Inauguration speech as Doctor Honoris Causa of Professor Antti Räisänen

Antti Räisänen: Wireless world

Mr. Rector, my dear Colleagues and Friends, Ladies and Gentlemen,
I am deeply grateful for the honor you have bestowed upon me. I would like to express my deepest gratitude to you, Mr. Rector, and to all other academic authorities responsible for the decisions made towards this award. Of course, I would also like to convey my sincere thanks to my colleagues, professors and researchers at Universidad Carlos III de Madrid. Especially I would like to mention Profs Magdalena Salazar Palma, Daniel Segovia Vargas, and Luis Enrique Garcia Muñoz, and Dr Alejandro Rivera Lavado at the Department of Signal Theory and Communications, and Prof. Guillermo Carpintero del Barrio at the Department of Electronics Technology. Besides as good colleagues, I would call them also as good friends.
The academic activities with my colleagues and friends here at Universidad Carlos III de Madrid mean mainly our joint research efforts into better understanding and the mastery of short radio waves: microwaves, millimeter waves, and terahertz waves. For this reason, I have titled my speech as “Wireless world”, and now I would like to give you a brief history overview and then share my own experiences and thoughts on this topic with you.

The Scottish physicist James Clerk Maxwell predicted the existence of electro-magnetic waves for more than 150 years ago. He formulated a set of equations, which he published for the first time in 1864. The German physicist Heinrich Hertz was the first to prove experimentally the existence of radio waves, thus verifying Maxwell’s equations. He published the first results in 1888. The first one to use radio waves for communication was the Italian inventor Guglielmo Marconi. He made experiments in 1895 and submitted his patent application “Improvements in transmitting electrical impulses and signals and in apparatus therefor” in England in 1896. In 1901, Marconi using his wireless telegraph succeeded in sending a short radio signal across the Atlantic. First broadcasting radio stations started their operation in 1919. Regular TV transmissions started in Germany and in the U.S. in 1935. Communication was not the only application of radio waves. Karl Jansky while studying radio noise at Bell Laboratories in 1932 detected a weak signal, a steady hiss from our own galaxy, the Milky Way. This was the beginning of radio astronomy. Both radar and radio navigation were invented already soon after Marconi’s demonstrations, but became important applications later, during World War II. The invention of microwave tubes, klystron and magnetron, was essential for the development of microwave radar in 1940’s. The invention of the transistor started the semiconductor era in radio electronics at the end of 1940’s. In 1960’s, the earth orbiting satellites found applications both in communications and radio navigation, and soon after that also in microwave remote sensing.

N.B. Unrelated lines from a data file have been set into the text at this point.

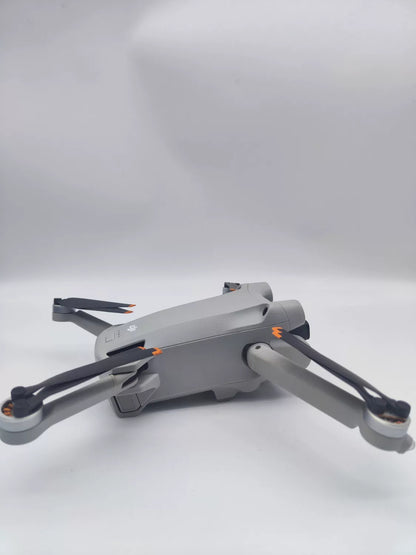 95% New (Like New) DJI mini3pro with Screen Dual Battery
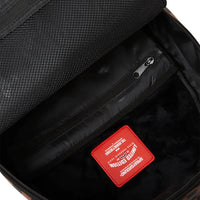 Cheetah Speed Shark Tyreek Hill Backpack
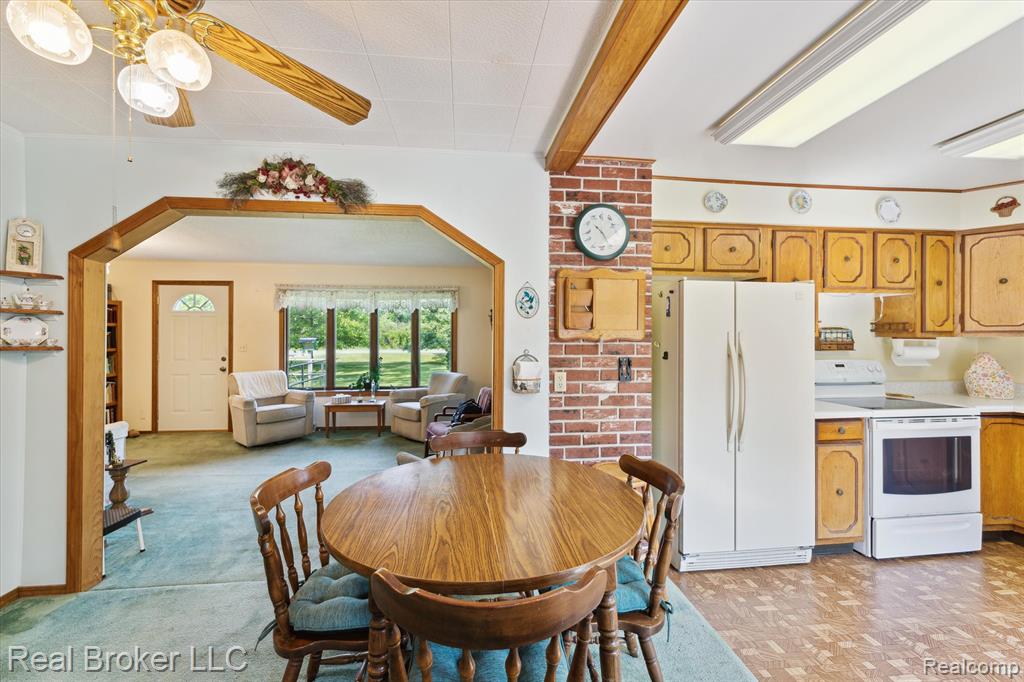 5740 M 66, East Leroy, MI 49051 — Photo 11
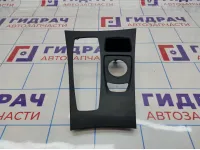 Накладка кулисы КПП BMW X5 (E70) 51166954947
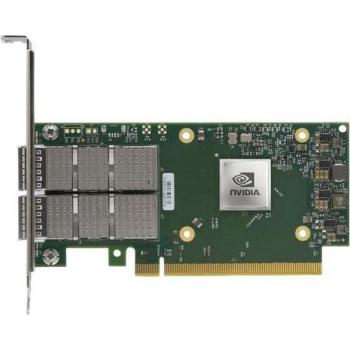 NVIDIA NBU HW ConnectX-6 DX EN Adapter Card 100GbE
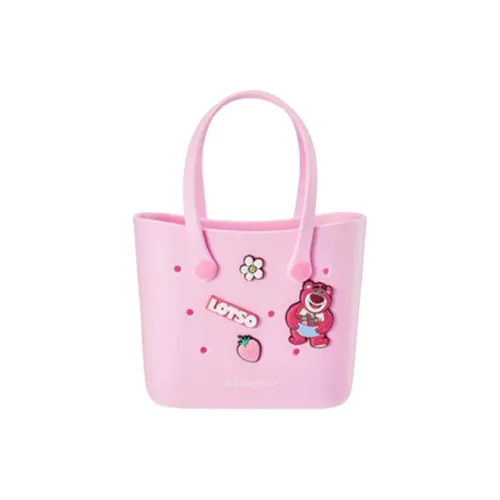 Miniso ×Disney Коллаборация EVA Сумка Маленькая Унисекс Многоцветная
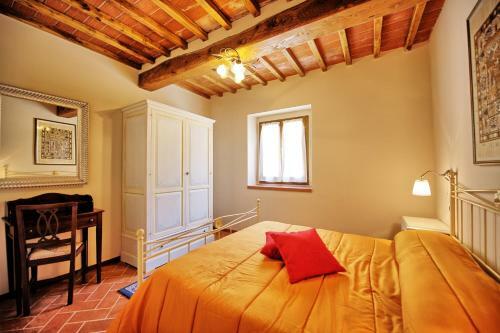 Tenuta Il Pino Morandi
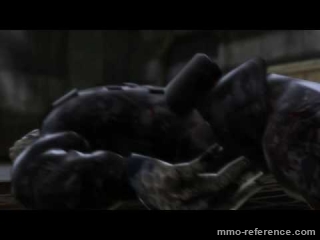 Vidéo Combat Arms - Présentation du mode en quarantaine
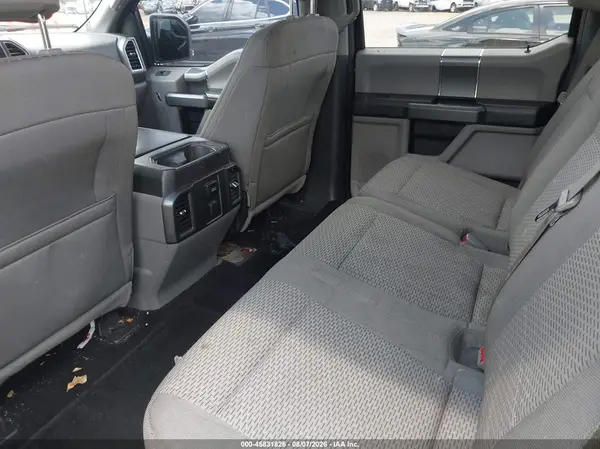 1FTEW1CG8GFC71429 2016 FORD F-150 - Image 8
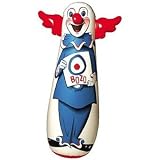 Rocket USA Bozo Bop Bag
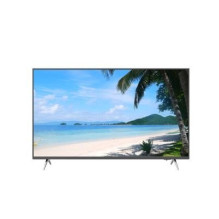 Monitorius Dahua Technology Dahua Technology DHI-LM65-F400 signage display 165 1 cm (65") 4K Ultra HD Juodas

This was the status of the wireless world in 1960’s, one hundred years after Maxwell’s equations. When I entered the academic studies at the end of 1960’s, I could already enjoy futuristic lectures on digital and mobile communications. However, nobody seemed to understand nor predict how much those will change the world during the next five decades - until today. Instead, the scientific applications of radio waves, especially radio astronomy was the reason why I decided to concentrate my studies on electromagnetics and radio engineering. Today, I am very happy for this choice. When I defended my PhD thesis in 1980, nation-wide cellular radio networks were under development in the Nordic countries. In 1981, we entered the so-called first generation (1G) of mobile communications, when the analog Nordic Mobile Telephone cellular networks allowing roaming from one country to another opened for public use in the Nordic countries. Ten years later we entered the second generation (2G), as the digital GSM networks opened. In 1992, I was responsible for organizing in Helsinki an international microwave conference, the European Microwave Conference that was attended also by my friend, Professor Salazar Palma. Mobile phones were already quite common in Finland and in other Nordic countries, but not so much elsewhere. Therefore, I remember that the conference attendees paid a lot of attention to the conference secretary and conference chair, myself, who carried and frequently used their still heavy and clumsy Nokia Cityman mobile phones at the conference site.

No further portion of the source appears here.